Issues encountered by projects that are currently using CKAN

Feedback received has pointed to three main technical challenges in the implementation of CKAN, and these challenges are echoed by on-going discussions on the ckan-dev mailing list:

  • While the installation of CKAN is generally described as fairly straight forward, this is not true for getting the integrated data visualisation tool for .csv files to work, especially when installations are made on institutional intranets. The Irdium project identified an undocumented feature of CKAN as the cause of this problem: CKAN is making use of external data processing web services for some of its functionality. First experience with the software in St Andrews confirmed the issue with visualisation of data uploaded into CKAN. Like the Irdium server, the server used for the St Andrews project is currently behind the University’s firewall. At the time of writing, we are working at resolving the problem which involves replacing CKAN’s dataproxy with datapusher  — a fix suggested by the Open Knowledge Foundation that, we believe, is going to be implemented in future releases of CKAN.  The expectation is that use of datapusher will eliminate the dependence of CKAN on external data processing web services.
  • The CKAN datastore has been described as requiring time to understand.
  • Shibboleth integration is possible with some local adaptations made to the code. The Irdium project implemented the extension developed for the Finnish Science Data Catalogue (https://github.com/kata-csc/ckanext-shibboleth).
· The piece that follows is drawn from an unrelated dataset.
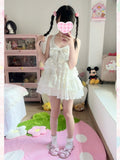 kukuwa_Snowflake_White_Bow_Halter_Tiered_Cake_High_Waist_Women's_Jsk_/_Jumper_Skirts_942230840861_MISSTT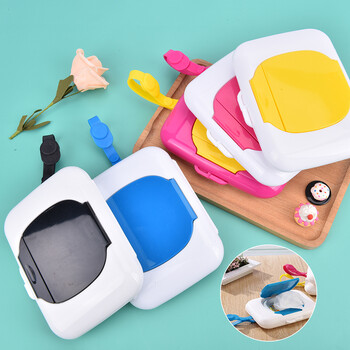 Wet Tissue Box Wipes Dispenser Portable Wipes Napkin Storage Box Holder for Car Home Office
In addition respondents pointed to cultural and support issues within the respective organisation that need to be addressed if the CKAN implementation is going to be successful:

  • CKAN requires Python skills to be available to the organisation. To allow for a successful RDM service these skills need to be available beyond the duration of the initial implementation project. Where this has not been the case, RDM service development has slowed down or stopped.
  • The development of a research data repository needs to consider academic workflows within the different disciplines, which will impact on the technical implementation and on the features that are made available.

Note:

The CKAN Project has provided additional information to the above in their own blog post: http://ckan.org/2013/11/28/ckan4rdm-st-andrews/

This blog identifies an additional project that uses CKAN for RDM, EDaWaX (European Data Watch Extended).

29 November 2013

CKAN for Research Data Management

CKAN is an open source data management system that for the past six years has been developed by the Open Knowledge Foundation. CKAN provides tools to steamline the processes of publishing, sharing, finding and using data. Initialliy CKAN was aimed at data publishers such as national and regional governments, companies and organisations that want to make their data publicly available. For example, the UK Government’s data portal  (data.gov.uk) runs on CKAN, and in Australia, where CKAN is widely used by government agencies at both national and regional levels, it has become accepted as de facto standard for data management.
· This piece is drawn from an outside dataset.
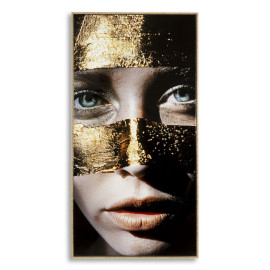 Modern Paintings PAINTED ON LACQUERED CANVAS NAIROBI WITH FRAME -B- CM 52X4X102 Mauro Ferretti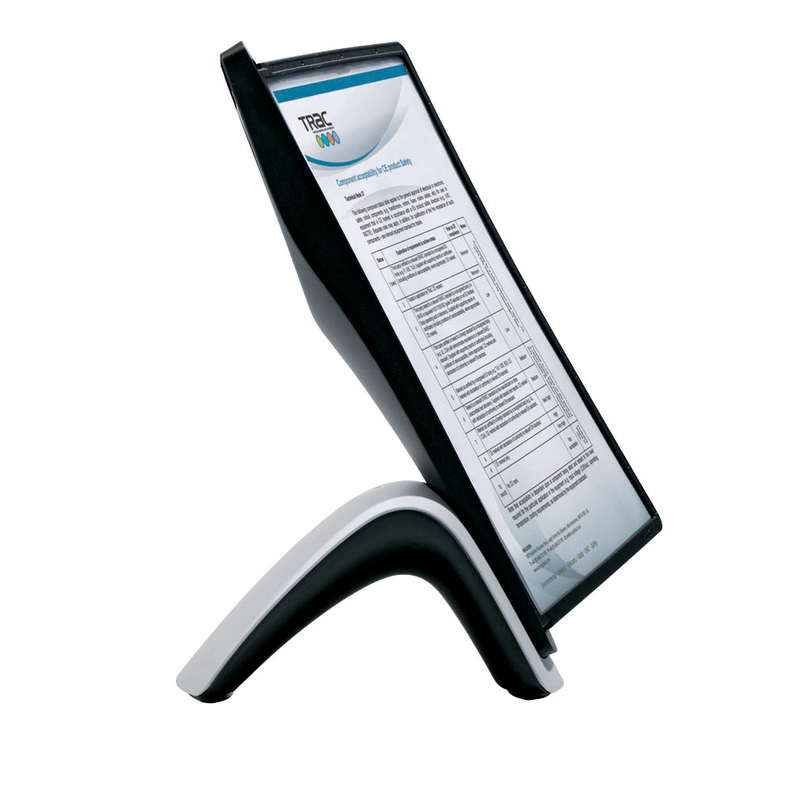 DURABLE Sichttafelsystem SHERPA STYLE TABLE 10 585501 DIN A4 schwarz mit 10 St. Sichttafeln, 1 St.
As part of the JISC Managing Research Data programme two projects, Orbital (University of Lincoln) and data.bris (University of Bristol) , have adopted CKAN as a component of their institutional RDM solutions.  The experience of both projects using CKAN was discussed at the workshop “CKAN for Research Data Management” that was held in London on 18th February 2013. In addition to representatives from both projects, members from the Open Knowledge Foundation and staff from other UK Universities took part in the workshop. Summaries of the workshop can be found on the data.bris and Orbital project blogs.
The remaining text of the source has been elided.